____ Source data

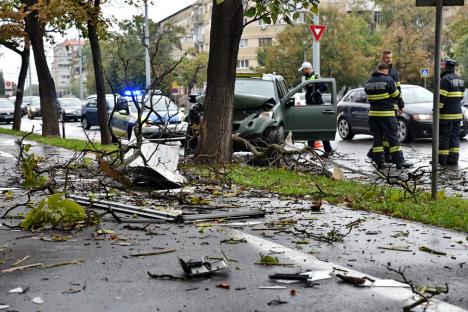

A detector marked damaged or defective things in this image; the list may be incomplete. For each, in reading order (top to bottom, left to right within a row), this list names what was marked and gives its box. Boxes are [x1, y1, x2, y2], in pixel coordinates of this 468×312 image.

crashed green suv [186, 74, 336, 150]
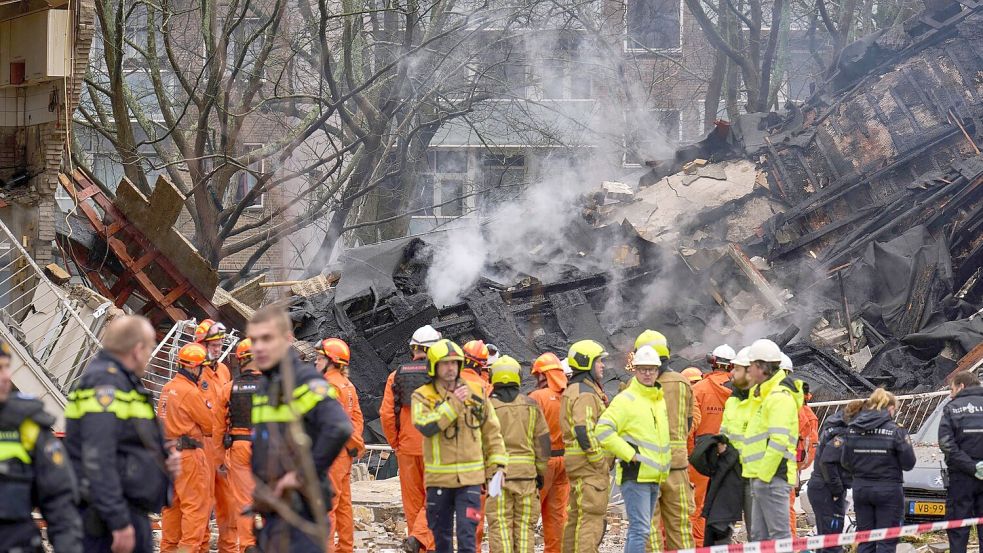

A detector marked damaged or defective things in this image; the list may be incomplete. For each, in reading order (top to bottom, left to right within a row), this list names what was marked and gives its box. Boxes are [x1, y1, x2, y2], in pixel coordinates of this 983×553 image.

broken window [628, 0, 680, 50]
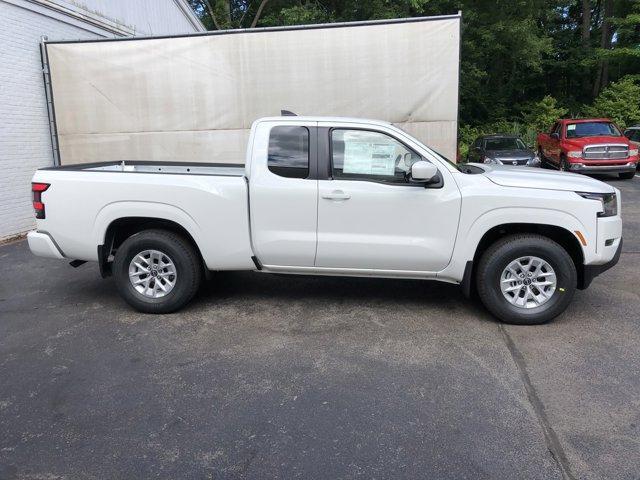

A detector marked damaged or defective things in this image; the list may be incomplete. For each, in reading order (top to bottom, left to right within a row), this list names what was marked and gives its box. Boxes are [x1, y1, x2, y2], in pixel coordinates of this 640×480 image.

parking lot crack [500, 324, 576, 478]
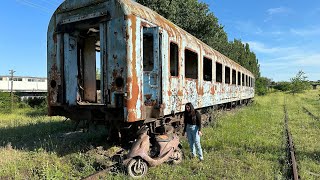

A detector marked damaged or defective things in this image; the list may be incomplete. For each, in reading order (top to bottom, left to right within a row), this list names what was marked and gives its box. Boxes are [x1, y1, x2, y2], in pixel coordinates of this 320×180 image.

rusty metal exterior [47, 0, 255, 124]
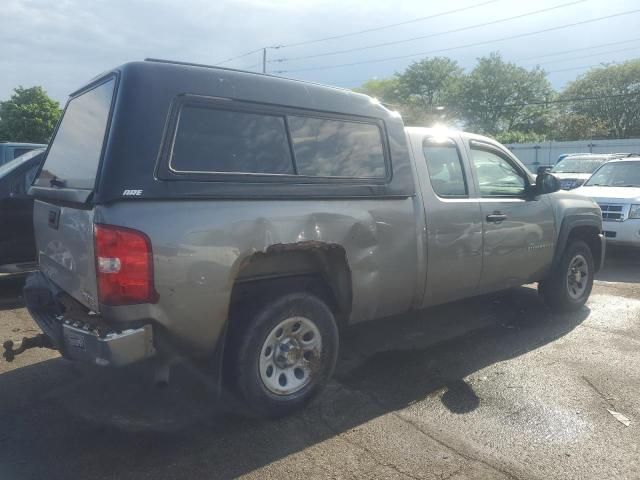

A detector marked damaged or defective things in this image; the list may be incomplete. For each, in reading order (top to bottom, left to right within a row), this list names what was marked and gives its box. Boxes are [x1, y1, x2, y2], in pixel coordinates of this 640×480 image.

rusty wheel well [568, 225, 600, 270]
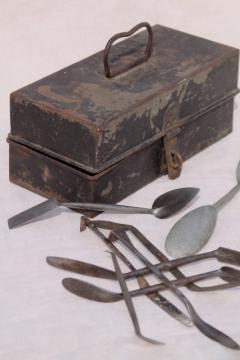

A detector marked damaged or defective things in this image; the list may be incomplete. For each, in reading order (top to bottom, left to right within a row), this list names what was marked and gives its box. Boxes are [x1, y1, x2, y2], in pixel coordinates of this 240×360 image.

rusty metal toolbox [7, 21, 238, 202]
corroded utensil [7, 187, 199, 229]
corroded utensil [166, 161, 240, 258]
corroded utensil [47, 246, 240, 282]
corroded utensil [62, 266, 240, 302]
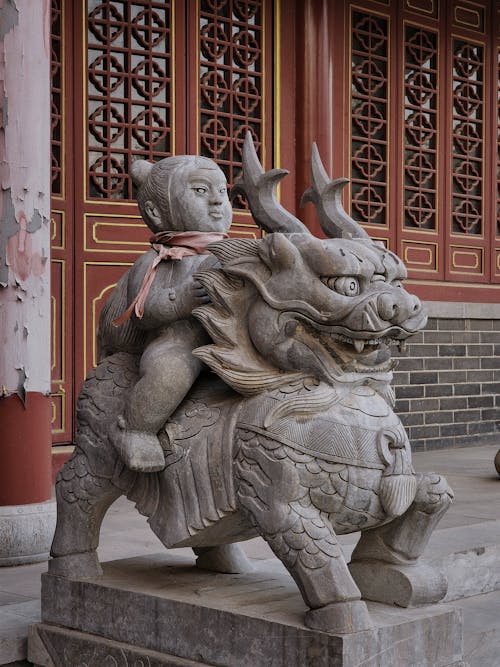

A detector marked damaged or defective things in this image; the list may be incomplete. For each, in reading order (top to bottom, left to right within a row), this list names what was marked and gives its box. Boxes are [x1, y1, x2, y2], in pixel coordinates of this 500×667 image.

peeling paint on pillar [0, 0, 51, 396]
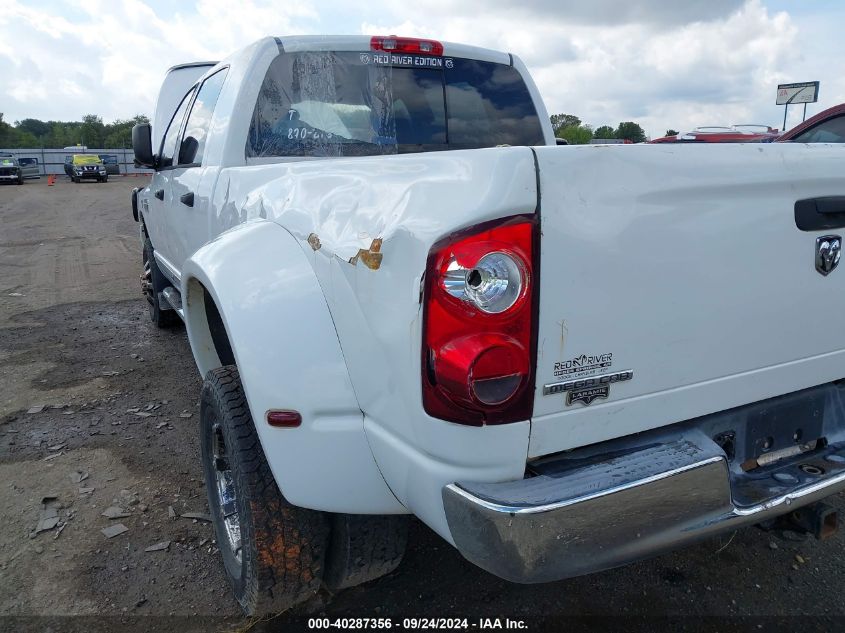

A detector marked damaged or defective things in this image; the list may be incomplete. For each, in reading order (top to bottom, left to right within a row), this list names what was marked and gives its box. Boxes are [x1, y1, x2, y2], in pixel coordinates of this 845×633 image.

damaged rear fender [184, 221, 406, 512]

________

— What to do —
Reproduce, with both ends included, the lines from the one holding "this 845×633 image." to the end of the records above.

— Result of this exercise —
A detector marked damaged or defective things in this image; the list may be incomplete. For each, in reading order (top to bottom, left to right within a row), this list names what was marked and gives its box. Boxes are [x1, y1, x2, y2], in pixel coordinates of this 845×633 image.

damaged rear fender [184, 221, 406, 512]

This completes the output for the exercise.